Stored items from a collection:

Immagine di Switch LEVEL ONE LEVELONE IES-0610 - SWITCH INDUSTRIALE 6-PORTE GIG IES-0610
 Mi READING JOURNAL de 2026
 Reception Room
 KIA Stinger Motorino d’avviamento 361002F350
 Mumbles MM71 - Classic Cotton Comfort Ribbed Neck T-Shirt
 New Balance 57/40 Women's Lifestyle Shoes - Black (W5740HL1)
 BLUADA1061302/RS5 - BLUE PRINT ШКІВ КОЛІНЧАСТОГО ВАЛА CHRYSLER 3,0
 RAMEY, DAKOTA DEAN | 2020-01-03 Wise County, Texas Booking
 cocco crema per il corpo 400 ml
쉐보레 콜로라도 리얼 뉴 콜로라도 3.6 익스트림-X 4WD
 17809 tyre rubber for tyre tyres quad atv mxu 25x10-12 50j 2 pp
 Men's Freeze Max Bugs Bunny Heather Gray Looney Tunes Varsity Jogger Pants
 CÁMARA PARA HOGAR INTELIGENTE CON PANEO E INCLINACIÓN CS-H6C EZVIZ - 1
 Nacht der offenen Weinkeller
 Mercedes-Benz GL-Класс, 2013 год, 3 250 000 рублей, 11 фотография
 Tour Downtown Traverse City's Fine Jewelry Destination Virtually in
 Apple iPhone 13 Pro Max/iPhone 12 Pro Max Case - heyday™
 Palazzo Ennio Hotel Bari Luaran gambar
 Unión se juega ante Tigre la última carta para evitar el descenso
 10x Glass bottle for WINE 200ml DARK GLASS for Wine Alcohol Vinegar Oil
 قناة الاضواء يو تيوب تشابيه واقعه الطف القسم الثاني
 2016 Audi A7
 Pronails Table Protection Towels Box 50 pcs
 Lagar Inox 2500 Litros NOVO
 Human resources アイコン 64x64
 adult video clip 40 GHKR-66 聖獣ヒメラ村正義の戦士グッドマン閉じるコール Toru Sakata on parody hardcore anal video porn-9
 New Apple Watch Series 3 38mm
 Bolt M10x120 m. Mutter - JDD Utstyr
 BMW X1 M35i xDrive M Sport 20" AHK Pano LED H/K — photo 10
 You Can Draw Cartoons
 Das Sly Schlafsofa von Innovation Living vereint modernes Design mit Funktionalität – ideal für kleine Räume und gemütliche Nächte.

- **WHAT YOU HAVE TO DO**
Beginning with the top line of the data above, output every line exactly until the one that contains "17809 tyre rubber", and include that one too.

- **RESULT FOR THIS EXERCISE**
Immagine di Switch LEVEL ONE LEVELONE IES-0610 - SWITCH INDUSTRIALE 6-PORTE GIG IES-0610
 Mi READING JOURNAL de 2026
 Reception Room
 KIA Stinger Motorino d’avviamento 361002F350
 Mumbles MM71 - Classic Cotton Comfort Ribbed Neck T-Shirt
 New Balance 57/40 Women's Lifestyle Shoes - Black (W5740HL1)
 BLUADA1061302/RS5 - BLUE PRINT ШКІВ КОЛІНЧАСТОГО ВАЛА CHRYSLER 3,0
 RAMEY, DAKOTA DEAN | 2020-01-03 Wise County, Texas Booking
 cocco crema per il corpo 400 ml
쉐보레 콜로라도 리얼 뉴 콜로라도 3.6 익스트림-X 4WD
 17809 tyre rubber for tyre tyres quad atv mxu 25x10-12 50j 2 pp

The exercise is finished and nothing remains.